Lilith, ou la transformation de la Déesse Mère en Prostituée du Temple

La première origine de Lilith est sumérienne, ki-sikil lil-là signifiant " la jeune femme aérienne " parce qu'elle vivait dans un arbre. Une autre vient de l'akkadien Lil-Itu, signifiant " vent ". C'est la déesse du vent du Sud, épouse d’Enlil, Enlil étant le Dieu Phallique, une copie du laboureur égyptien qui symbolise un Horus en Saturne mais aussi du phallus osirien, c'est à dire l'Axe de la Terre, une figure manipulée.

C'est ainsi qu'elle devient un démon femelle en hébreu, et la première femme avant Eve. Considérée comme un démon dévorateur, déesse-serpent, déesse ailée (alliant les caractères chtonien et aérien) elle est une copie de la déesse mère. Elle est une représentation symbolique du matriarcat préexistant au patriarcat.

Dans la Kabbale, Lilith n’est que l’appellation générique d’une classe de démons femelles venant des enfers et de la poussière. Le destin de Lilith est qu'elle est tirée de la même terre qu’Adam (Adam-Kadmon) et se considère comme son égale. Elle refuse de se tenir sous lui quand ils font l’amour, ce qui provoque une dispute. Lilith invoque alors le nom de l’Éternel, des ailes lui poussent, et elle abandonne Adam et l’Éden. Devant les plaintes de l'homme, Dieu envoie trois anges convaincre Lilith, qui s'obstine. Elle est donc celle qui dit non à la fois à la position que lui propose l’homme dans leur couple et à la tentative de réconciliation de Dieu lui ordonnant de se plier au désir de l’homme. Pour la punir, Dieu la condamne à voir tous ses enfants mourir à la naissance. Désespérée, elle décide de se suicider. Les anges lui donnent le pouvoir de tuer les enfants des hommes (jusqu’à la circoncision, au huitième jour pour les garçons, et jusqu’au vingtième jour pour les filles). Elle rencontre ensuite le démon Samaël, l’épouse et s’installe avec lui dans la vallée de Jehanum, où il prend le nom d’Adam-Belial. Pour se venger, Lilith devient le serpent qui provoque la Chute d’Ève et par-là même d'Adam, puis incite Caïn à tuer Abel. Comme ses enfants s’entretuent, Adam refuse de coucher avec Ève, ce qui permet à Lilith d’enfanter des nuées de démons (avec le sperme d’Adam qui tombe à terre) pendant cent trente ans. Elle sera même plus tard par certains auteurs kabbalistes identifiée à la Reine de Saba, dans son rôle de tentatrice, tout comme l’une des deux prostituées qui se disputent un enfant devant Salomon serait également Lilith...

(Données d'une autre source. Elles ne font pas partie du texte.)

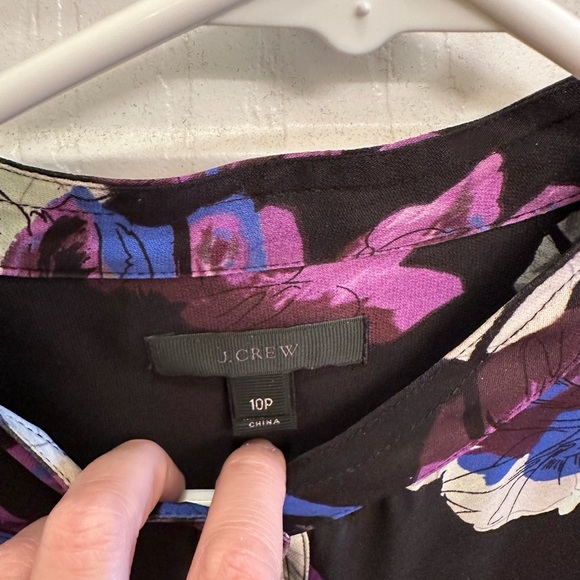 J crew silk blouse. Size Medium Petite. - Picture 2 of 6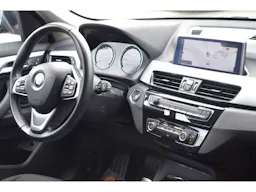 BMW X1 sDrive 18i 136 ch DKG7 F48 LCI Business Design occasion - Photo 6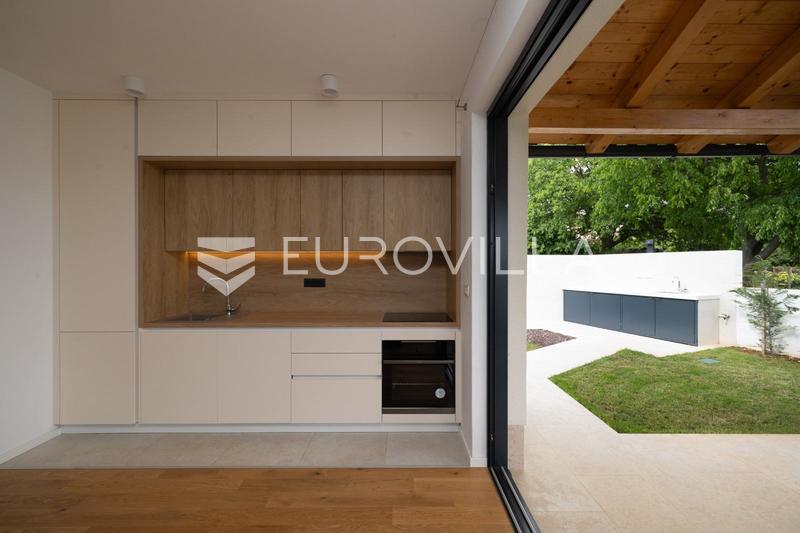 Istria, Bale, modern one-story house in the center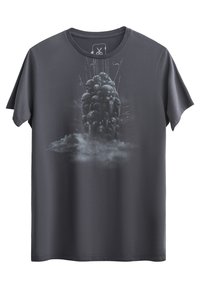 Grijze katoenen t-shirt met een grafisch ontwerp van overlappende hoofden met abstracte vormen en rokerige accenten aan de onderkant. Korte mouwen, ronde hals.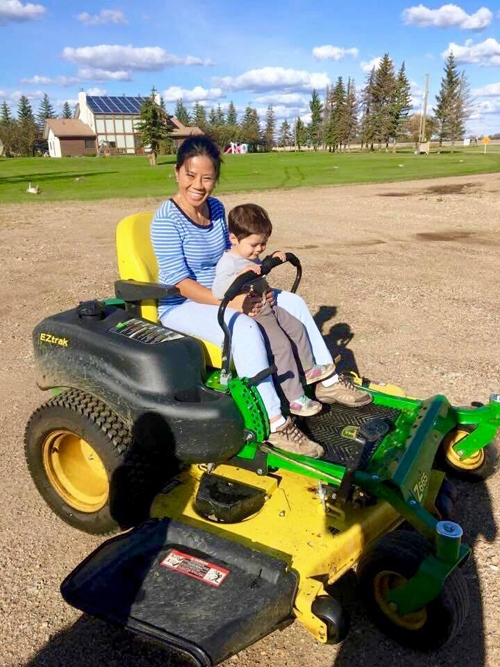 cuoc-song-tai-mien-que-canada-cua-ba-me-viet-3-con-7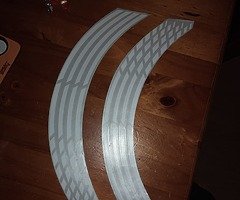 White wheel stripes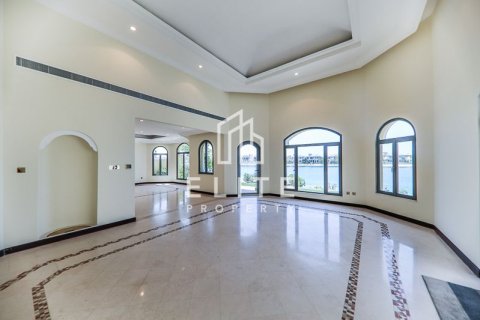 Villa in Palm Jumeirah, Dubai 5 bedrooms, 622 sq.m. № 121489 - photo 5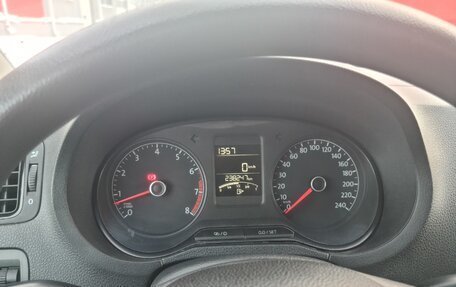 Volkswagen Polo VI (EU Market), 2015 год, 600 000 рублей, 2 фотография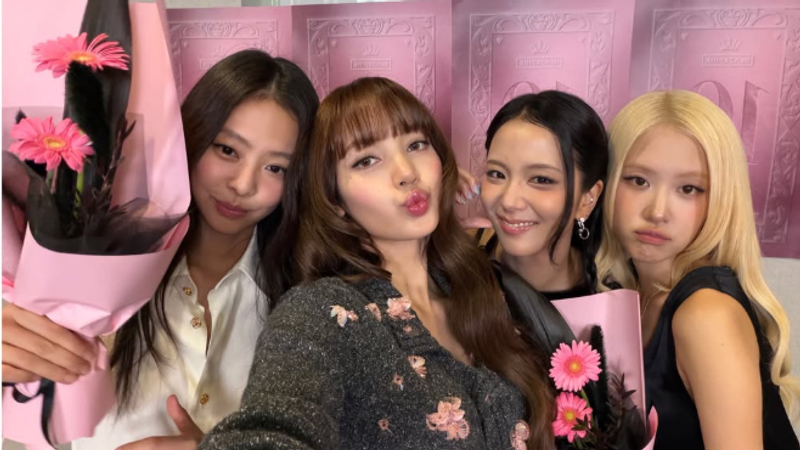 BLACKPINK慶10週年!Jisoo「罕見哭了」 Lisa發文力挺成員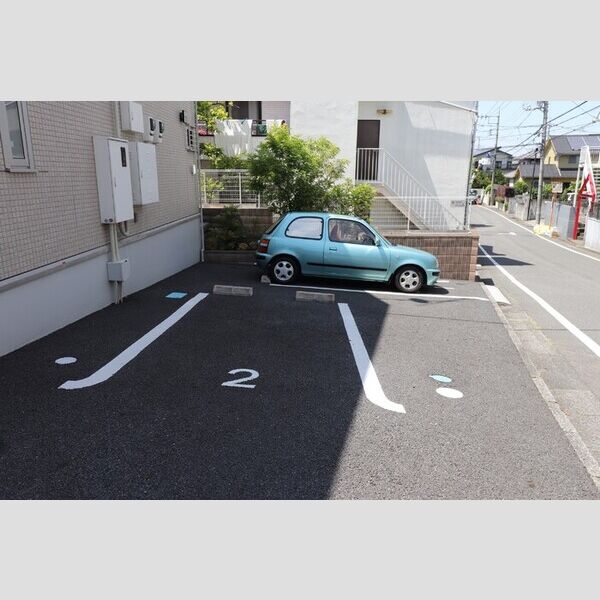 駐車場 (駐車場)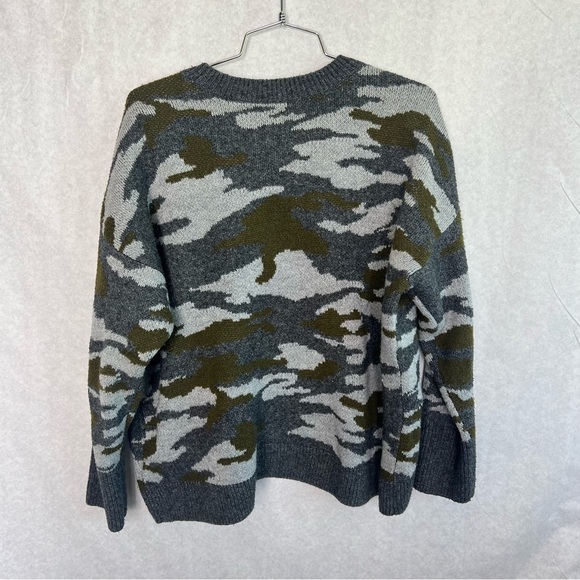 Vince Camuto Sweater camouflage grey green medium - Picture 2 of 6
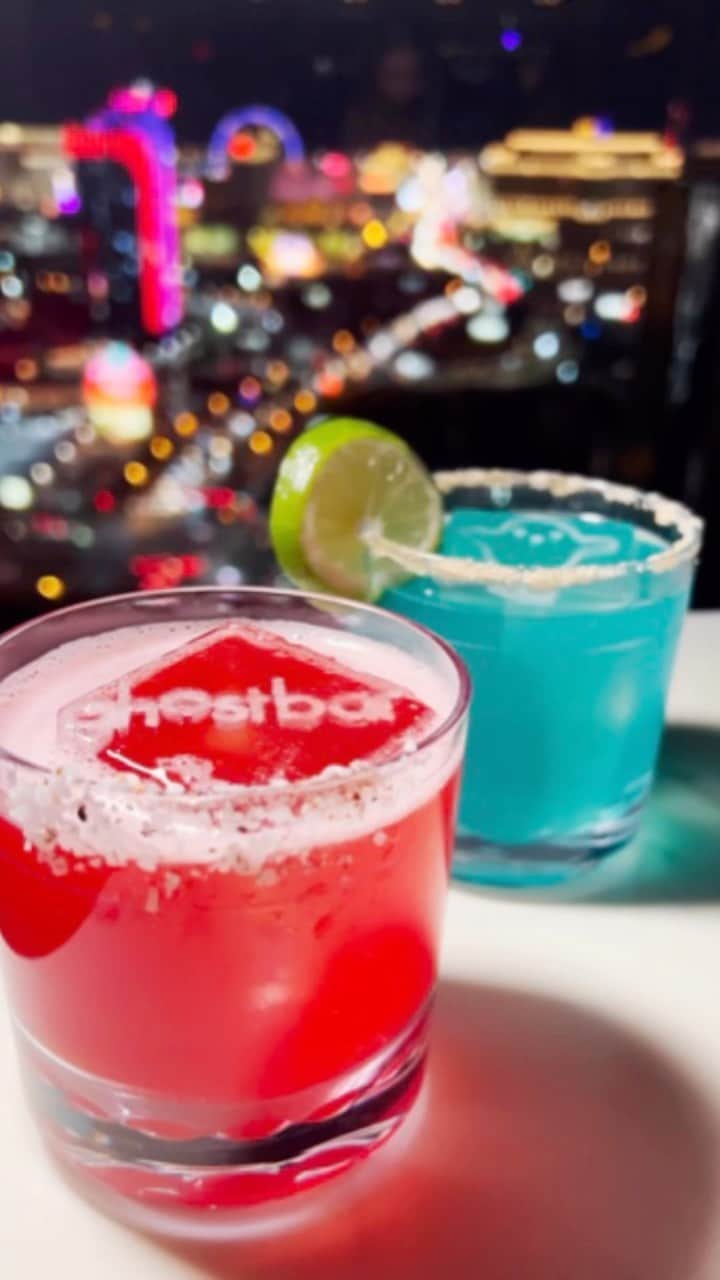 Palms Casino Resortのインスタグラム：「Weekend plans? 👻 Sip on something spectacular and soak in the best views of Las Vegas from Ghostbar! 🍸🌇👻」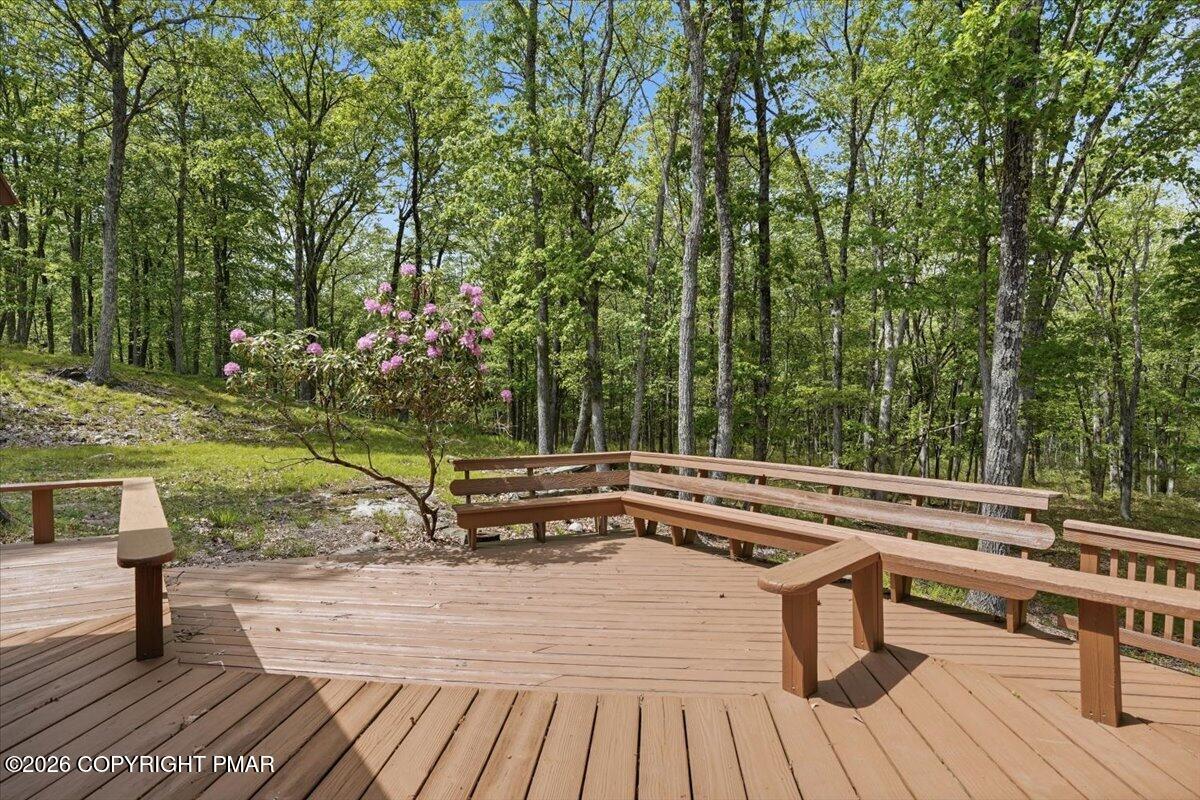1517 Deer Run East Bushkill, PA 18324 - Photo 31 of 42 a view of outdoor space with seating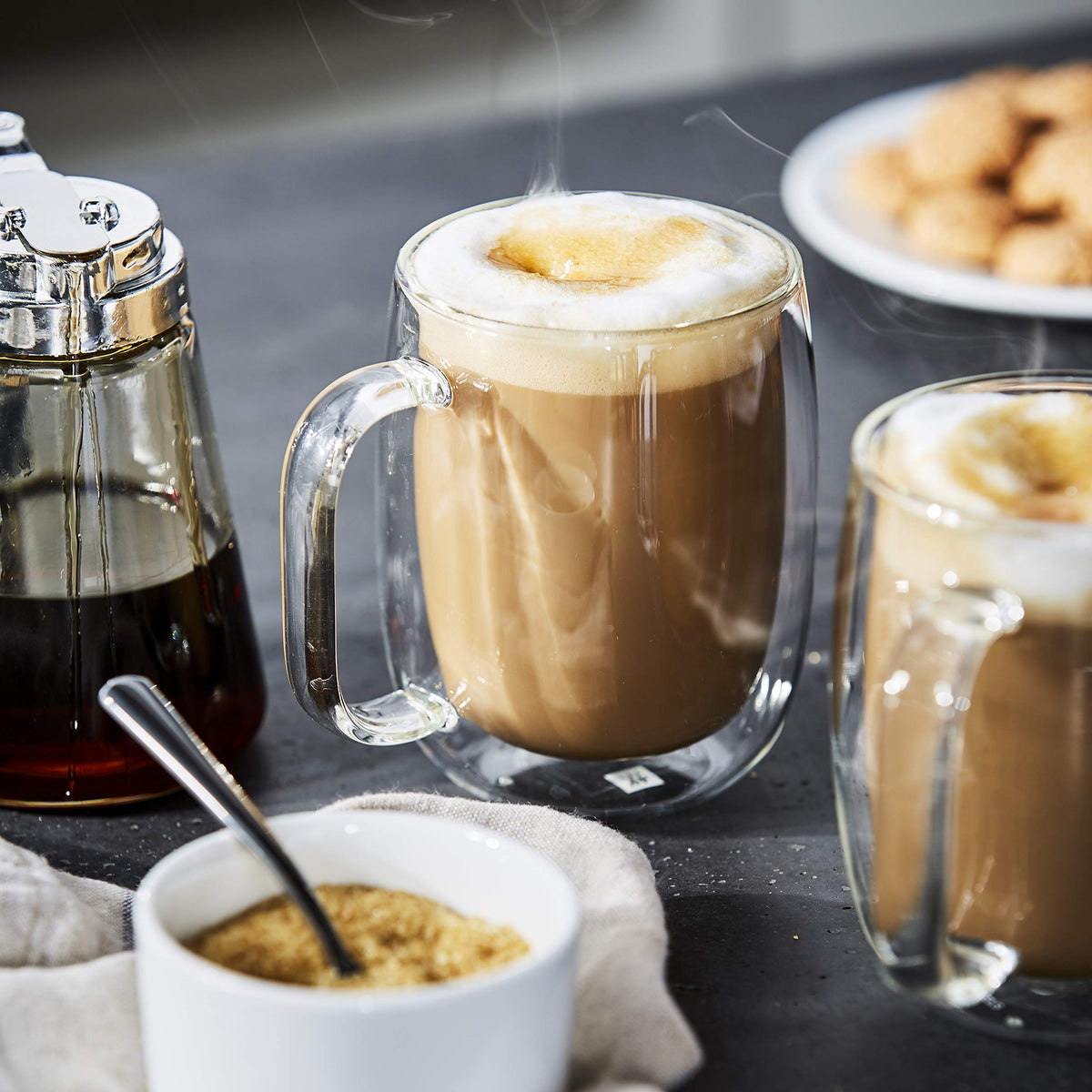 Mr. Coffee mug warmer surface wipes clean easily after use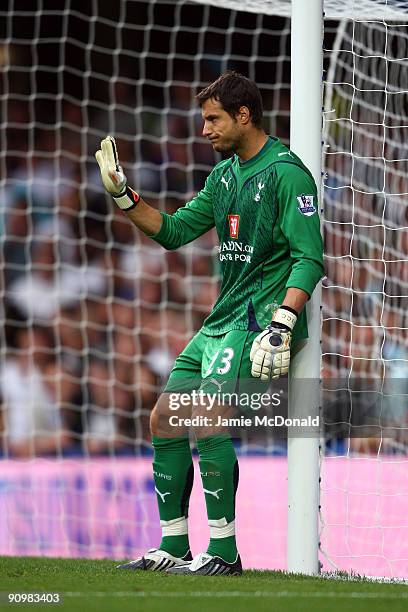Tottenham Hotspur goalkeeper Carlo Cudicini in action during the Barclays Premier League match between Chelsea and Tottenham Hotspur at Stamford...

Quant à la Tradition juive, elle indique que Lilith, punie par la stérilité, pousse Satan, déguisé en Serpent, à pervertir Ève en la possédant charnellement. De cette union, naît le premier être humain ombiliqué (doté d’un nombril contrairement à ses divers parents), Caïn, qui commet le premier meurtre sur Terre en tuant Abel, son propre frère. Ainsi, Lilith est quadruplement vengée : à travers l’homme trahi (Adam), à travers la mère bafouée et trompée, à travers l’enfant perverti devenu assassin (Caïn) et quatrièmement par l’enfant tué. Bien au-delà de la vengeance, Lilith peut jouir du mal pour le mal. On peut donc assimiler Lilith à une forme féminine de Seth. Dotée d’une sexualité illimitée et d’une fécondité prolifique, tout en étant symbole de frigidité et de stérilité, épouse, fille et double du diable, elle rassemble, dans la culture judéo-chrétienne, les côtés négatifs attribués à la féminité archaïque, celle qui ne peut être l’épouse de l’homme.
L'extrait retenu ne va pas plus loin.